A “low-touch” intervention is to evaluate the likely power or distortions from pre-testing under context-relevant violations of parallel trends. Refer to Pretrends R package.

Pros:

  • Very intuitive, easy to visualize
  • Helps identify when pre-testing may be least effective
  • Requires minimal changes from standard practice

Cons:

  • Power will always be <1, so no guarantee of unbiasedness/correct inference
  • Need to specify the hypothesized trend, will sometimes be difficult to summarize over many of these
  • Still not clear what to do when reject the pre-test


2. HonestDiD

As a more formal tool for robust inference and sensitivity analysis, the HonestDiD approach is more suggestive. It formalizes the intuition above by imposing the restriction that the counterfactual difference in trends cannot be “too different” than the pre-trend. Namely, though we cannot identify the post-period differences in trends (counterfactual), we believe the pre-period difference in trends can be a relatively good proxy for it. This allow us to bound the treatment effect and obtain uniformly valid (“honest”) confidence sets under the imposed restrictions.

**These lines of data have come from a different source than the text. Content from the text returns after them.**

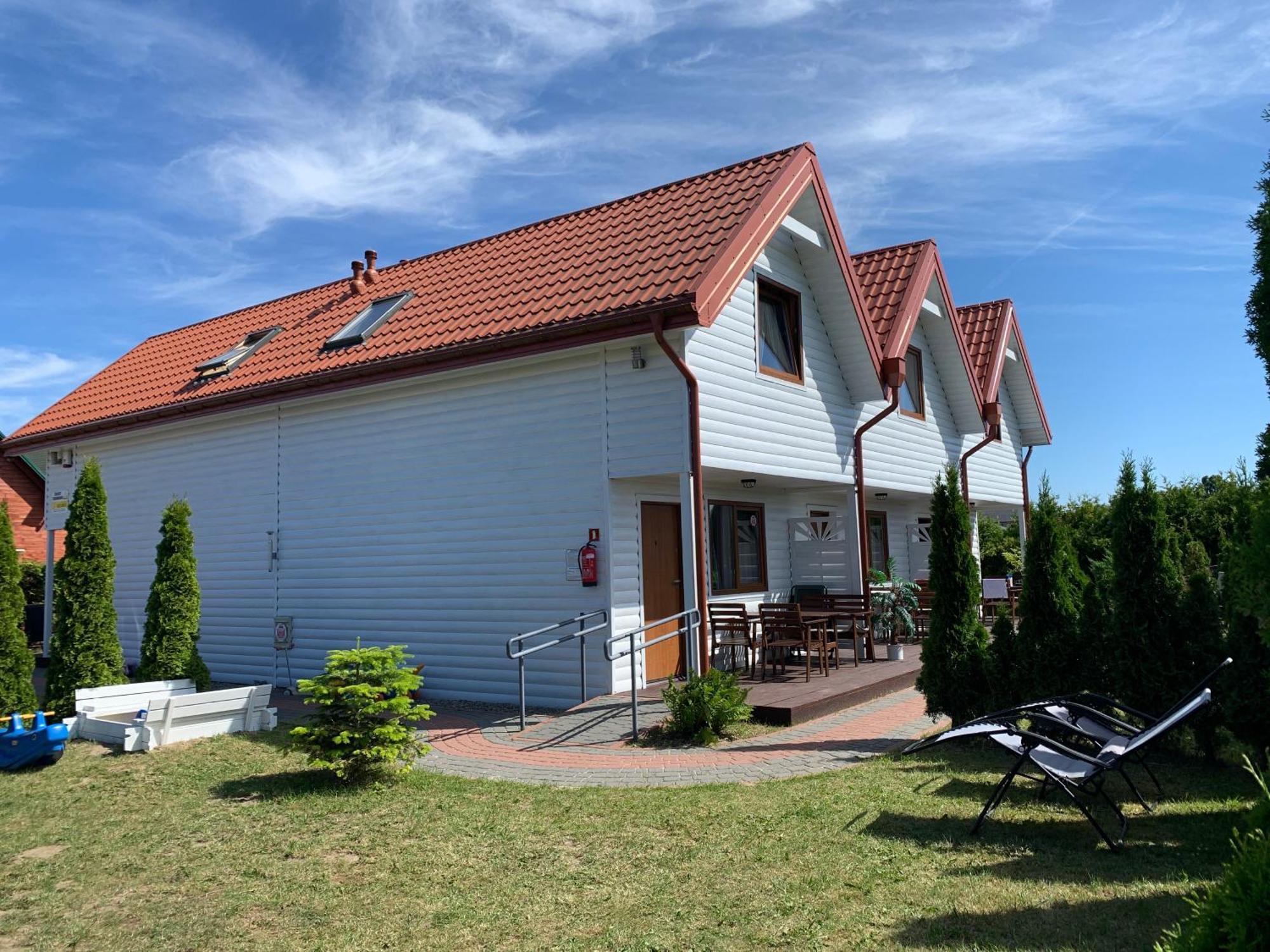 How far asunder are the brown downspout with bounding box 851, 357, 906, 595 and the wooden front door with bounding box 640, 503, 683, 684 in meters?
3.30

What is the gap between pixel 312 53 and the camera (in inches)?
493

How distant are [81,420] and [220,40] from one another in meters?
8.47

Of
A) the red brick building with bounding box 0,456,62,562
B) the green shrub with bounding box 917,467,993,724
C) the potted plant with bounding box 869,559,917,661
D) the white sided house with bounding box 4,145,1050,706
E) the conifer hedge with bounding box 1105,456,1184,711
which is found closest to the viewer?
the conifer hedge with bounding box 1105,456,1184,711

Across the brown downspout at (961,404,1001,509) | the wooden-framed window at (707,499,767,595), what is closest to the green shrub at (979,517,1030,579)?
the brown downspout at (961,404,1001,509)

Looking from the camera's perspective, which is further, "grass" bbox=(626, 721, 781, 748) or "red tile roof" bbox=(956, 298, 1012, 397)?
"red tile roof" bbox=(956, 298, 1012, 397)

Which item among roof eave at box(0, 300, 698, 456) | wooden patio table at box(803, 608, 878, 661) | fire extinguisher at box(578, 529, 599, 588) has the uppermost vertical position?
roof eave at box(0, 300, 698, 456)

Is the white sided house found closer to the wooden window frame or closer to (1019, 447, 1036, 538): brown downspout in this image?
the wooden window frame

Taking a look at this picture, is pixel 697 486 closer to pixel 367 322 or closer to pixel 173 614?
pixel 173 614

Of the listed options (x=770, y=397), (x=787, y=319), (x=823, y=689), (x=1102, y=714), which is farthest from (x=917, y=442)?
(x=1102, y=714)

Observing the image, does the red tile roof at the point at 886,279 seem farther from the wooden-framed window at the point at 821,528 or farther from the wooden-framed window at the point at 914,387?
the wooden-framed window at the point at 821,528

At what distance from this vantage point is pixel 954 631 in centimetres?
862

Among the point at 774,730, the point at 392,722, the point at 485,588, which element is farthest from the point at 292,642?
the point at 774,730

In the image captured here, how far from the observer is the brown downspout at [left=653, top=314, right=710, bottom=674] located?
1038 cm

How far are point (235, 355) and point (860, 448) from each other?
1100cm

There are two types of restrictions in general. The users should choose the restrictions based on the types of violations of PT you are worried about.

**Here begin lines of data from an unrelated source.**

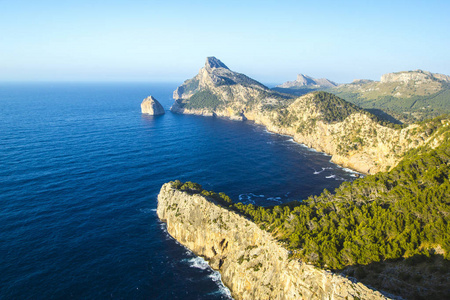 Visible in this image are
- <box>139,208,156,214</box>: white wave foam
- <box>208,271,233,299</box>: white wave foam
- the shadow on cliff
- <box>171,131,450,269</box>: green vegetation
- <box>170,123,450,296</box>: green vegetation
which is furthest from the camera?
<box>139,208,156,214</box>: white wave foam

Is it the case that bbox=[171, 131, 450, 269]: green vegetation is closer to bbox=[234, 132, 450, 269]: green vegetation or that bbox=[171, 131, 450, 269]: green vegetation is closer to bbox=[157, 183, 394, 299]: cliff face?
bbox=[234, 132, 450, 269]: green vegetation

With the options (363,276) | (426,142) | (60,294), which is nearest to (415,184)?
(363,276)

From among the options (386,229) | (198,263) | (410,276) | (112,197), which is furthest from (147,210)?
(410,276)

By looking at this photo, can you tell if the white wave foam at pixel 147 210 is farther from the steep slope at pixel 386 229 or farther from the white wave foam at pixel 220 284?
the steep slope at pixel 386 229

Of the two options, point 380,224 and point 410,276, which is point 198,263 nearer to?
point 380,224

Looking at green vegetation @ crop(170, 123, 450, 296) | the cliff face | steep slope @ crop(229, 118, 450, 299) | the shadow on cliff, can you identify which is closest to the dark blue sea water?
the cliff face

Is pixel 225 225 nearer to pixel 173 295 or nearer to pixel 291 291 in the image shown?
pixel 173 295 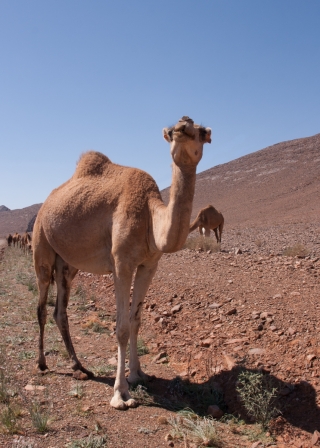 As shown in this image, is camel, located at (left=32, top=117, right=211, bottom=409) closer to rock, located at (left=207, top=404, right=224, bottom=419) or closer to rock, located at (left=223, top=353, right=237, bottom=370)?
rock, located at (left=207, top=404, right=224, bottom=419)

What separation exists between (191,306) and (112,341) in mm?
1417

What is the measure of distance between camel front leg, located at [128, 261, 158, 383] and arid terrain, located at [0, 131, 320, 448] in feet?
0.67

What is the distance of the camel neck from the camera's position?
181 inches

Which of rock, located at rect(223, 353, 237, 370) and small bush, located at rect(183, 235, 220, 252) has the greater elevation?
small bush, located at rect(183, 235, 220, 252)

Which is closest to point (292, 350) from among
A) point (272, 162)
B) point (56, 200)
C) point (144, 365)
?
point (144, 365)

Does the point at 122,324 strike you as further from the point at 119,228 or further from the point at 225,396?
the point at 225,396

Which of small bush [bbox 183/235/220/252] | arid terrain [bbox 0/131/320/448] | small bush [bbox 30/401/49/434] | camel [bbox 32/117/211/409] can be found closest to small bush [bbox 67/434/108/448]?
arid terrain [bbox 0/131/320/448]

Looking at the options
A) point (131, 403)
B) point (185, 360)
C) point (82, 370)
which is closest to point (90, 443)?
point (131, 403)

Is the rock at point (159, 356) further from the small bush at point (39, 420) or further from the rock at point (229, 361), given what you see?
the small bush at point (39, 420)

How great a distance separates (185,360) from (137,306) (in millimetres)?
1134

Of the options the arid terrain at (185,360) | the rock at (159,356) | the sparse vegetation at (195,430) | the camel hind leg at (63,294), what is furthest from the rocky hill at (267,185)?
the sparse vegetation at (195,430)

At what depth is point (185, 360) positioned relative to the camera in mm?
6359

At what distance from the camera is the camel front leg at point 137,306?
5766 millimetres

  • Bounds on relative magnitudes: $|\delta_{1}|\leq \overline{M}|\delta_{-1}|$ the slope could be difference, but by no more than the magnitude of $\overline{M}$, e.g. industry-specific or macroeconomic shocks that affects treated and controls differently.
  • Smoothness restriction: $\delta_{1}\in [-\delta_{-1}-M,-\delta_{-1}+M]$ bound how far $\delta_{1}$ can deviate from a linear extrapolation of the pre-trend, e.g. smooth long-run trends.

restrictions

With sensitivity analysis, it allows us to identify the breakdown value. With bounds on relative magnitudes, a breakdown value of $\overline{M}=2$ means the significant result is robust to allowing for violations of parallel trends up to twice as big as the max violation in the pre-treatment period. With smoothness restriction, a breakdown value of $M=0.04$ means the significant result is robust to allowing for the linear change to deviate by 0.04 between consecutive period. The magnitudes need to be interpreted with possible confounds.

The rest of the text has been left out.